Records drawn from a dataset ->
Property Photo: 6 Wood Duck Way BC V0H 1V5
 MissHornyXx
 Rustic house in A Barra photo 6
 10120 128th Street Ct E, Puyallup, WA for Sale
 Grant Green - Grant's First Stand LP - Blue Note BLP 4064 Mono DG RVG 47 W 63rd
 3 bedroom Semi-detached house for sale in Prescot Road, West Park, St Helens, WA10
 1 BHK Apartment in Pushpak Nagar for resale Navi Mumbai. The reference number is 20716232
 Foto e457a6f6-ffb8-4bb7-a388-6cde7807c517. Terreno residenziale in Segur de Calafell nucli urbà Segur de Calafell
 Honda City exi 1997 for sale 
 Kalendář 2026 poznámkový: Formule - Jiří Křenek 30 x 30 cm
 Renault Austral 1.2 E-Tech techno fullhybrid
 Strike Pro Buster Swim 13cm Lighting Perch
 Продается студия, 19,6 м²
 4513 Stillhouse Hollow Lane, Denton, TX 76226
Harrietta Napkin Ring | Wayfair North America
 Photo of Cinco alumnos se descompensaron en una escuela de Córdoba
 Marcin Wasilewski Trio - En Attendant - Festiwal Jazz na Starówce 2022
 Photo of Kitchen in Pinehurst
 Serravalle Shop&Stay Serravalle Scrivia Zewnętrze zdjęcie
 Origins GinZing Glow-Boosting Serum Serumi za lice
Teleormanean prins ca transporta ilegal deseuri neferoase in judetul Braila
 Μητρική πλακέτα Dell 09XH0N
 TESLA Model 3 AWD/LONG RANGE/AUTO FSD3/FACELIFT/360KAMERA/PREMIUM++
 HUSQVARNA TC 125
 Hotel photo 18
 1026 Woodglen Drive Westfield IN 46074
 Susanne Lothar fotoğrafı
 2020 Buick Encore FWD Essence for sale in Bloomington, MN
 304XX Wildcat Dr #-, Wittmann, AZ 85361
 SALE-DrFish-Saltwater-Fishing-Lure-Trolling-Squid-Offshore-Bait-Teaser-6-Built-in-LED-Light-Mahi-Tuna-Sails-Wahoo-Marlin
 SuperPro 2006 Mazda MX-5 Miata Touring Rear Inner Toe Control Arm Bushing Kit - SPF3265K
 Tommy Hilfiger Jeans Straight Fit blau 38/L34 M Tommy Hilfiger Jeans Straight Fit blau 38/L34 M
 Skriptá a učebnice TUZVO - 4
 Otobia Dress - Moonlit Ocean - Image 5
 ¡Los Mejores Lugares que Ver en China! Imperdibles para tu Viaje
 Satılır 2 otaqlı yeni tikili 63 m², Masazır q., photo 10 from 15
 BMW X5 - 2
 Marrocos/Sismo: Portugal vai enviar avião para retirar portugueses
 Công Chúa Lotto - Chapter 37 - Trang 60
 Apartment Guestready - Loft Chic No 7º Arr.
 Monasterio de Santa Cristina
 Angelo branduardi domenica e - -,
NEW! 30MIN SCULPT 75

WHAT TO PRODUCE ->
The response must consist of all the data, reproduced without alteration.

REPLY ->
Property Photo: 6 Wood Duck Way BC V0H 1V5
 MissHornyXx
 Rustic house in A Barra photo 6
 10120 128th Street Ct E, Puyallup, WA for Sale
 Grant Green - Grant's First Stand LP - Blue Note BLP 4064 Mono DG RVG 47 W 63rd
 3 bedroom Semi-detached house for sale in Prescot Road, West Park, St Helens, WA10
 1 BHK Apartment in Pushpak Nagar for resale Navi Mumbai. The reference number is 20716232
 Foto e457a6f6-ffb8-4bb7-a388-6cde7807c517. Terreno residenziale in Segur de Calafell nucli urbà Segur de Calafell
 Honda City exi 1997 for sale 
 Kalendář 2026 poznámkový: Formule - Jiří Křenek 30 x 30 cm
 Renault Austral 1.2 E-Tech techno fullhybrid
 Strike Pro Buster Swim 13cm Lighting Perch
 Продается студия, 19,6 м²
 4513 Stillhouse Hollow Lane, Denton, TX 76226
Harrietta Napkin Ring | Wayfair North America
 Photo of Cinco alumnos se descompensaron en una escuela de Córdoba
 Marcin Wasilewski Trio - En Attendant - Festiwal Jazz na Starówce 2022
 Photo of Kitchen in Pinehurst
 Serravalle Shop&Stay Serravalle Scrivia Zewnętrze zdjęcie
 Origins GinZing Glow-Boosting Serum Serumi za lice
Teleormanean prins ca transporta ilegal deseuri neferoase in judetul Braila
 Μητρική πλακέτα Dell 09XH0N
 TESLA Model 3 AWD/LONG RANGE/AUTO FSD3/FACELIFT/360KAMERA/PREMIUM++
 HUSQVARNA TC 125
 Hotel photo 18
 1026 Woodglen Drive Westfield IN 46074
 Susanne Lothar fotoğrafı
 2020 Buick Encore FWD Essence for sale in Bloomington, MN
 304XX Wildcat Dr #-, Wittmann, AZ 85361
 SALE-DrFish-Saltwater-Fishing-Lure-Trolling-Squid-Offshore-Bait-Teaser-6-Built-in-LED-Light-Mahi-Tuna-Sails-Wahoo-Marlin
 SuperPro 2006 Mazda MX-5 Miata Touring Rear Inner Toe Control Arm Bushing Kit - SPF3265K
 Tommy Hilfiger Jeans Straight Fit blau 38/L34 M Tommy Hilfiger Jeans Straight Fit blau 38/L34 M
 Skriptá a učebnice TUZVO - 4
 Otobia Dress - Moonlit Ocean - Image 5
 ¡Los Mejores Lugares que Ver en China! Imperdibles para tu Viaje
 Satılır 2 otaqlı yeni tikili 63 m², Masazır q., photo 10 from 15
 BMW X5 - 2
 Marrocos/Sismo: Portugal vai enviar avião para retirar portugueses
 Công Chúa Lotto - Chapter 37 - Trang 60
 Apartment Guestready - Loft Chic No 7º Arr.
 Monasterio de Santa Cristina
 Angelo branduardi domenica e - -,
NEW! 30MIN SCULPT 75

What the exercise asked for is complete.